Assignment operator. Results in the assignment expression written to the recorder.

template <class Expr>
const symbolic &operator%=(const Expr &expr)

Assignment operator. Results in the assignment expression written to the recorder.

template <class Expr>
const symbolic &operator&=(const Expr &expr)

Assignment operator. Results in the assignment expression written to the recorder.

template <class Expr>
const symbolic &operator|=(const Expr &expr)

Assignment operator. Results in the assignment expression written to the recorder.

template <class Expr>
const symbolic &operator^=(const Expr &expr)

Assignment operator. Results in the assignment expression written to the recorder.

template <class Expr>
const symbolic &operator<<=(const Expr &expr)

Assignment operator. Results in the assignment expression written to the recorder.

template <class Expr>
const symbolic &operator>>=(const Expr &expr)
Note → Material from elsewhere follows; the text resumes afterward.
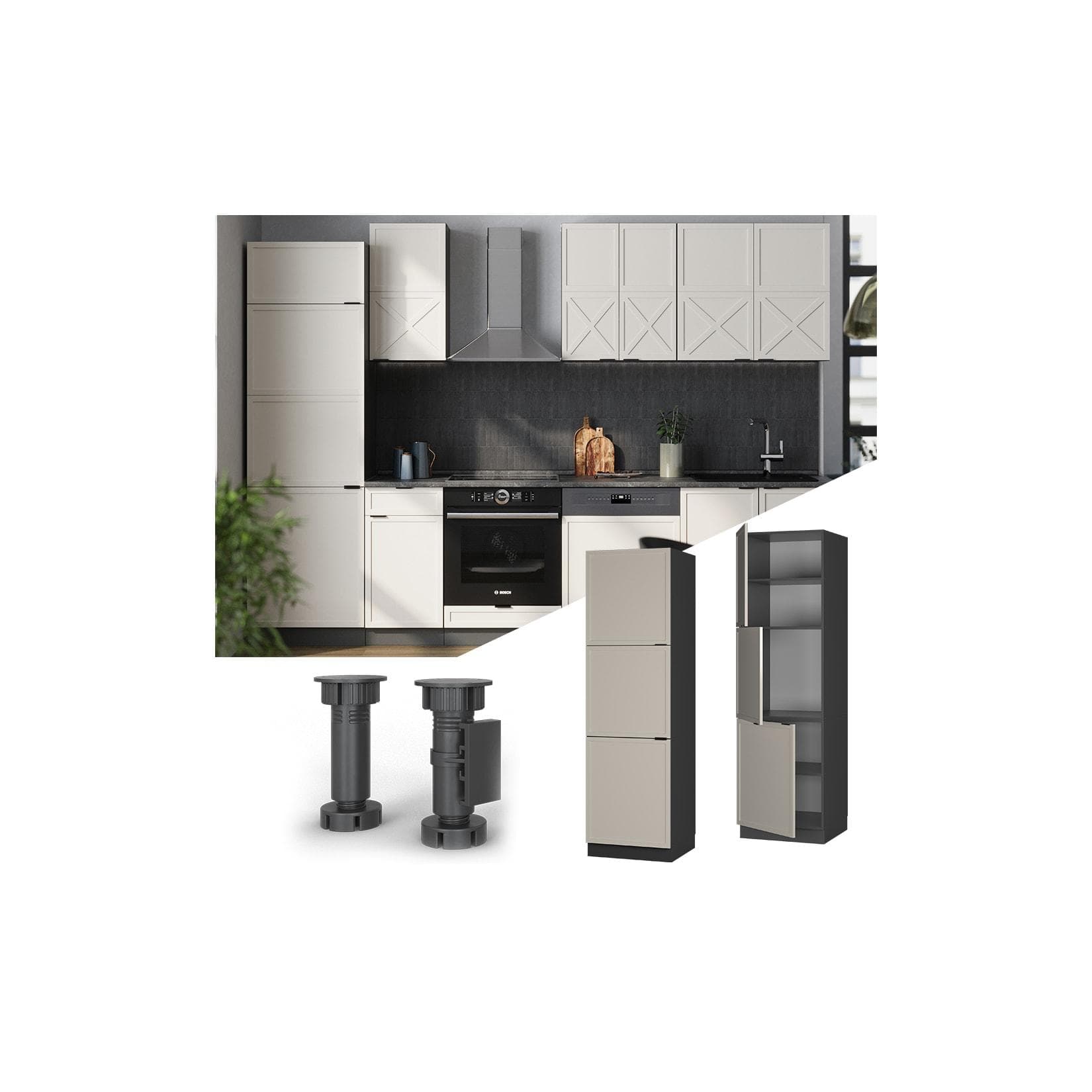 Vicco Vorratsschrank Fame-Line Anthrazit Grau-Beige 3 Türen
Assignment operator. Results in the assignment expression written to the recorder.

void vex::generator::set_recorder(std::ostream &os)
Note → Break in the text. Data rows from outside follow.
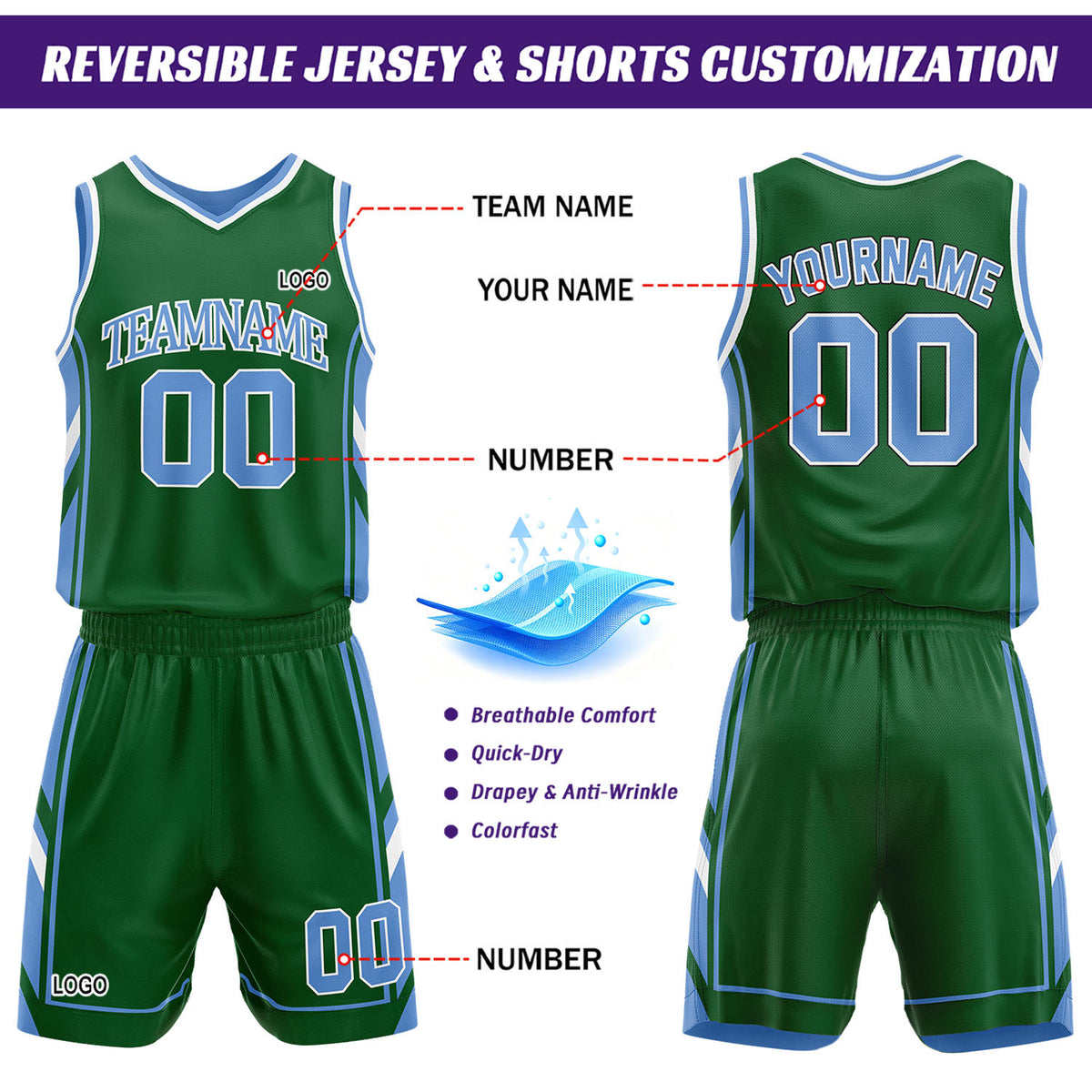 Custom Green & Light Blue Reversible Basketball Uniform Set | Personalized Name Number Sports Jersey Shorts Kit
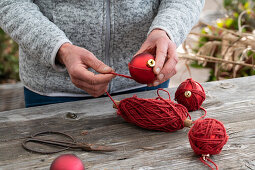 Christmas tree balls wrapped with jute twine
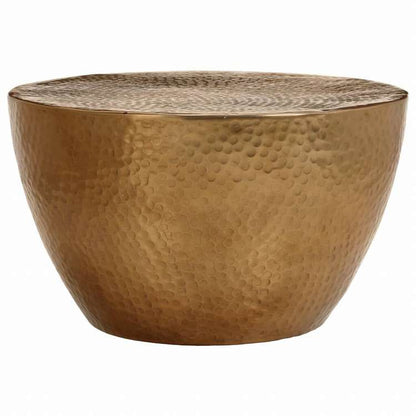 vidaXL コーヒーテーブル 槌目仕上げのアルミニウム O50x30cm 真ちゅう色家具 テーブル アクセントテーブル コーヒーテーブル(代引不可)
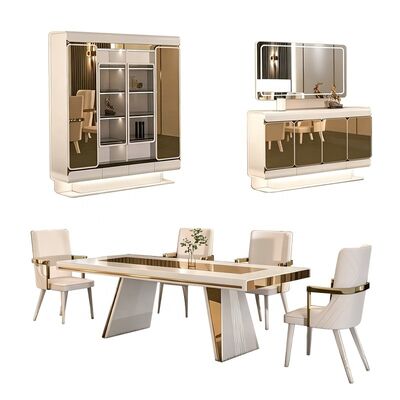 Ensemble de meubles de salle à manger de luxe royal complet pour la maison, restaurant, table à manger rectangulaire en bois moderne, ensemble de 6 personnes avec chaises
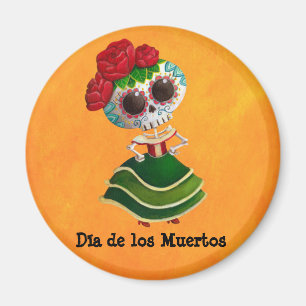 Diameter de Muertos Mexikan Fröcken död Magnet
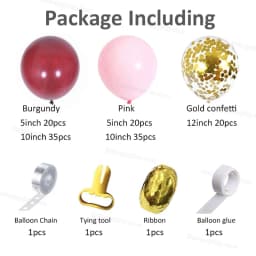 134Pcs Burgundy Wine Red Pink Balloons Arch Garland Kit Gold Confetti Balloons Valentine's Day Decor New Year Decoration 2022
Set output stream for the kernel recorder.

template <class... Args>
kernel vex::generator::build_kernel(const std::vector<backend::command_queue> &queue, const std::string &name, const std::string &body, const Args&... args)
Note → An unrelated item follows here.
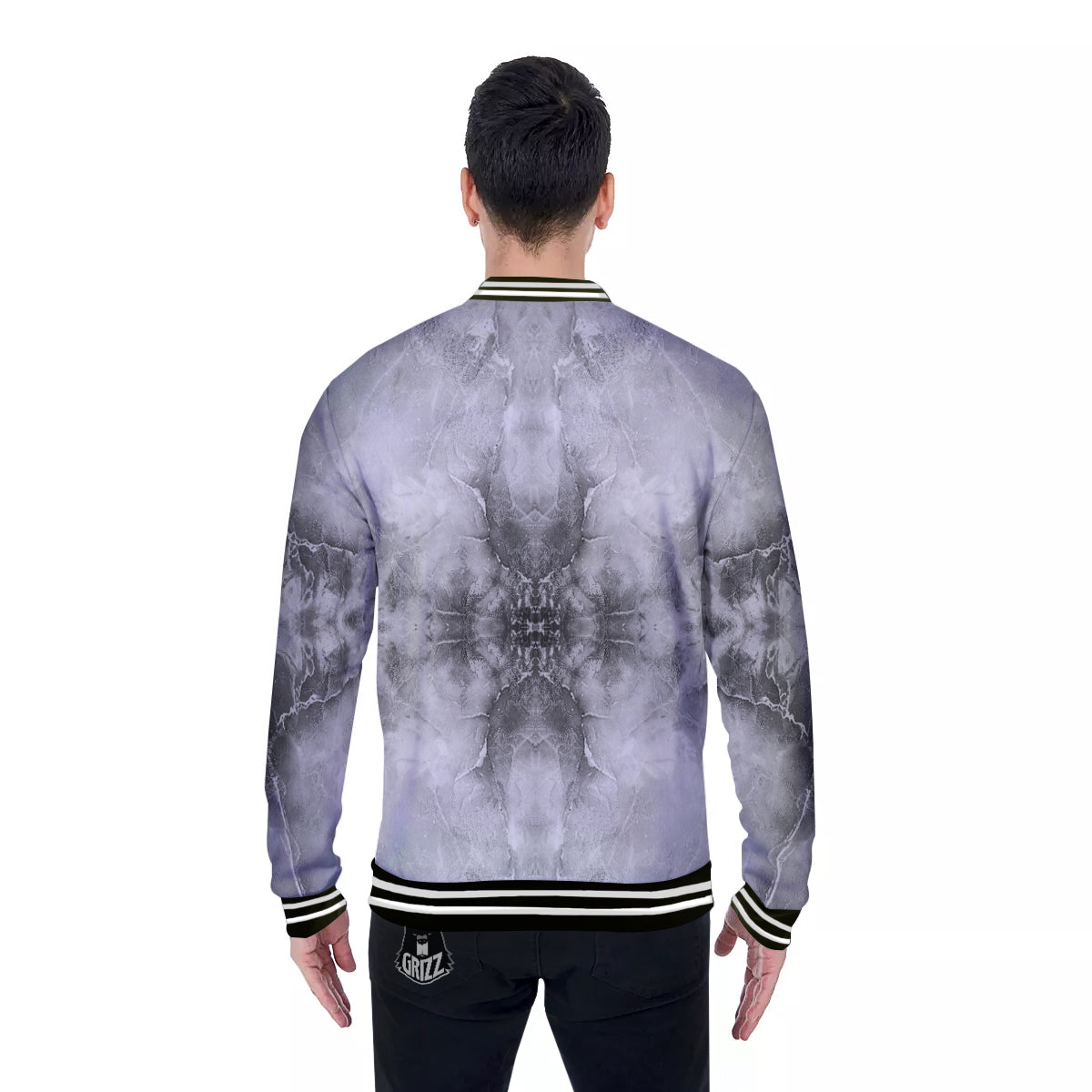 Smoke Marble White Grey Print Pattern Baseball Jacket-grizzshop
Builds kernel from the recorded expression sequence and the symbolic parameter list.

The symbolic variables passed to the function should have participated in the recorded algorithm and will be converted to the generated kernel arguments.

Function generator

VexCL also provides a user-defined function generator which takes a function signature and generic function object, and returns custom VexCL function ready to be used in vector expressions. Let’s rewrite the above example using an autogenerated function for a Runge-Kutta stepper. First, we need to implement generic functor:

struct rk4_stepper {
    double dt;

    rk4_stepper(double dt) : dt(dt) {}

    template <class state_type>
    state_type operator()(const state_type &x) const {
        state_type new_x = x;
        runge_kutta_4(sys_func<state_type>, new_x, dt);
        return new_x;
    }
};

Now we can generate and apply the custom function:

double dt = 0.01;
rk4_stepper stepper(dt);

// Generate custom VexCL function:
auto rk4 = vex::generator::make_function<double(double)>(stepper);

// Create initial state.
const size_t n = 1024 * 1024;
vex::vector<double> x(ctx, n);
x = 10.0 * vex::element_index() / n;

// Use the function to advance initial state:
for(int i = 0; i < 100; i++) x = rk4(x);

Note that both runge_kutta_4() and rk4_stepper may be reused for the host-side computations.

It is very easy to generate a VexCL function from a Boost.Phoenix lambda expression (since Boost.Phoenix lambdas are themselves generic functors):

using namespace boost::phoenix::arg_names;
using vex::generator::make_function;

auto squared_radius = make_function<double(double, double)>(arg1 * arg1 + arg2 * arg2);

Z = squared_radius(X, Y);
template <class Signature, class Functor>
auto vex::generator::make_function(Functor &&f)

Generates a user-defined function from a generic functor.

Takes the function signature as template parameter and a generic functor as a single argument. Returns user-defined function ready to be used in vector expressions.